On Friday, a discussion paper on repositioning the department of home affairs was gazetted for public comment. This will inform the drafting of a white paper that will provide a policy framework for future legislation, including an act defining Home Affairs’ purpose in a sovereign, democratic South Africa. This repositioning is a national project beaconing active and informed support for all departmental officials and is critical for those who depend on our services.
It should be noted that Home Affairs is the only government department with the mandate to affirm citizens’ official identity and status and to issue enabling documents. Only this department has the authority to allow a person through a port of entry and to grant a visa or a permit. To appreciate the importance of these functions at the level of an individual, imagine waking up to discover somebody has stolen your identity, or that no state recognises you as a citizen. You would not be able to open a bank account, book a plane ticket or stay in a hotel.
What is not sufficiently appreciated is the full social and economic importance of the mandate of Home Affairs in a democratic, sovereign state. The voters’ roll is based on the department’s National Population Register, just like citizens’ access to public and commercial systems. I see national security to be the capacity of a state to defend its sovereignty, to ensure public safety and to provide security for the nation. All three aspects of security depend on the integrity of the systems of Home Affairs.

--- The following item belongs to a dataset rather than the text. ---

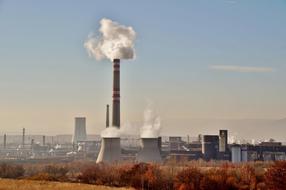 Chemical factory with the smoke among the colorful plants in Czech Republic in autumn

The expectations of citizens in a digital world are that services and information must be secure, rapidly accessible, reliable and personalised. And thus Home Affairs is building an integrated National Identity System (NIS) that will have an accurate and secure record of identities and civil status of all citizens and persons within our borders. Government departments and businesses will modernise processes and build secure applications that interface with the NIS. Linked to immigration and movement control systems, the NIS will be the backbone of a digital economy that will drive development.
Historically, however, Home Affairs had been positioned and funded as a routine administrative department not requiring modern systems, a professional staff or high levels of security. Consequently, it cannot enforce its legislation fully, creating risks for individuals and the country. By 2006, corruption and poor service delivery reached crises proportions, and the poorest and most vulnerable citizens could not access their rights and services. Over the past 10 years, government has responded by supporting initiatives with greatly improved management, culture and efficiency of key systems.
The turnaround programme, launched in 2007, built public confidence by reliably delivering IDs and passports within 40-45 days when the average was 140 days. Home Affairs played a leading role in delivering a secure soccer World Cup in 2010. In the same year, a National Population Registration campaign was launched that saw more than a million previously “invisible” citizens claiming rights to an identity, assisted by locally based stakeholder forums.
The modernisation programme, among other advances, has seen the roll-out of a world-class ID smart card and passport using fully automated processes and online applications. An applicant typically receives a smart ID card within seven days and passports within two weeks. Partnerships with banks and a visa facilitation service have added improved service delivery channels. Despite its advances, Home Affairs still lacks sufficient security, funding and professionals. The National Development Plan points to the department’s strategic role as an enabler of economic growth, social stability and regional development, but it still cannot adequately protect its systems and data and has fewer than 10 IT and business process experts. It is our conviction that Home Affairs should be at the centre of the security architecture of the state.
In response to this situation, in January 2017 the department submitted to Cabinet a business case for repositioning itself as a secure, modern department with appropriate operational, organisational and funding models. After its March 1 2017 meeting, Cabinet announced it approved the business case, and said: “The department must be positioned within the security system of the state so that it contributes to national security and is able to protect its people, systems and data.”
And thus was affirmed the full mandate of the department as a critical enabler of inclusive economic development, national security, effective service delivery and efficient administration.